The goal of our study was to examine the effects of socioeconomic disparities and hospital subtype on patients treated for GB. Prior studies have suggested patient socioeconomic characteristics including race, income, and insurance status can impact the delivery of treatment and oncologic outcomes. However, patients at SNHs who received standard of care treatment can achieve similar outcomes. We conducted our study jointly at two hospitals located in ***: the ***, a tertiary academic medical center, and ***, one of the largest SNHs in the United States. Given the unique affiliation between the SNH and the PH as teaching hospitals with the same physician staffing, we were optimally poised to isolate the impact of socioeconomic disparities and hospital subtype on patients with GB.
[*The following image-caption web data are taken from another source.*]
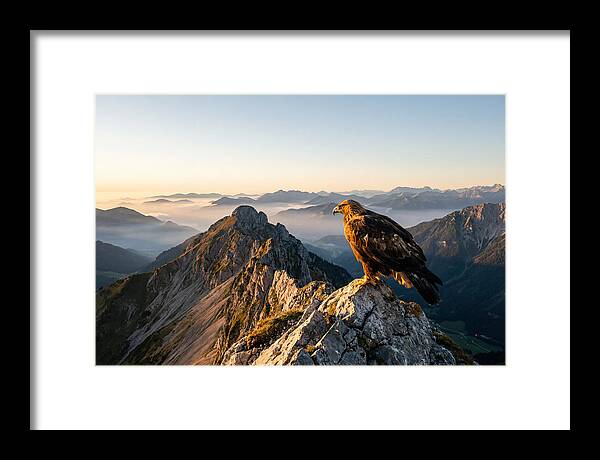 Golden Eagle Majestic View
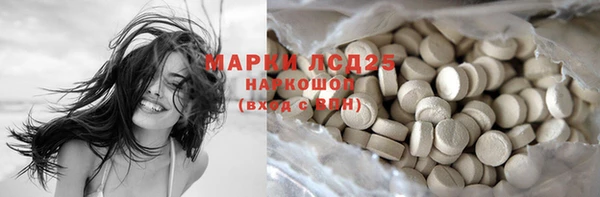 mdpv Новозыбков
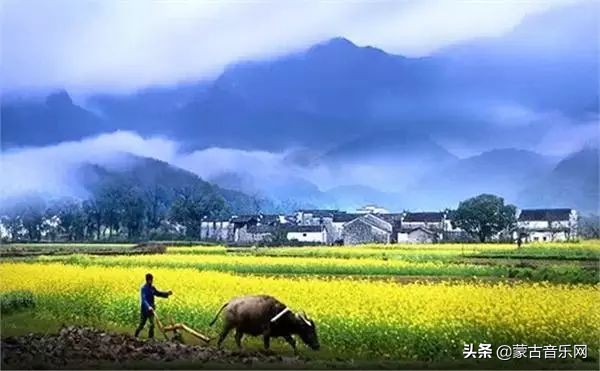 新歌推荐|乌兰娜《童年的油菜花》油菜花开正当时不负*光春**不负己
Poorer survival in our study was associated with lack of adjuvant chemotherapy and inability to complete radiation therapy. Stupp et al demonstrated the benefit of concurrent radiation treatment with temozolomide in a phase III trial.1 Patients at our SNH were less likely to receive chemotherapy and radiation after their surgery or were unable complete their adjuvant course. Though lack of adjuvant chemotherapy and inability to complete radiation could be an indicator of progression during chemoradiation, we found similar rates of progression between institutions during treatment. Therefore, it is more likely that other factors contributed to this discrepancy in completing adjuvant treatment. There was a non-significant trend towards a greater proportion of SNH patients presenting with poor performance status (25% vs. 18%) compared to PH patients, which may affect whether they are offered chemoradiation and complete treatment. It is possible that SNH patients may be less informed about their course of care or face barriers that delay or prevent follow-up for adjuvant therapy.12 In addition, patients treated at the SNH took longer to start radiation after their surgery in our study, which was concerning because in many cases SNH patients face barriers to follow up at post-surgical appointments. In a large retrospective study, patients with Medicaid, other government insurance, or those who are uninsured have higher odds of receiving radiation >35 days after gross total resection.13 In a meta-analysis of 19 studies examining the impact of delay on survival, Loureiro et al. found no evidence that delay of radiation affected OS in patients with GB.12 This mirrors our findings that this delay did not translate into a survival detriment.

In our analysis, despite expectations, it was reassuring that hospital type, income, ethnicity, insurance, and clinical trial enrollment were not associated with PFS or OS. Patients treated at our SNH were predominantly Hispanic and had Medicaid, while the majority of the patients treated at our PH were non-Hispanic White and had private insurance. Other retrospective studies have reported the effect of racial and ethnic disparities on outcomes for GB patients. Similar to our study, two single institution studies and a SEER database review suggesting similar OS for Hispanic patients compared to non-Hispanic Whites14,15 However, despite similar survival, several SEER analyses having found disparities in delivery of care in Hispanic patients, who were less likely to receive radiation therapy and had greater rates of sub-total resection compared to non-Hispanic Whites.1618 Difference in delivery of may be due in part to non-English speaking patients experiencing barriers to effective communication of the plan of care with their physician. Socioeconomic factors, such as lower income and education, may also be associated with both non-White ethnicity and omission of RT.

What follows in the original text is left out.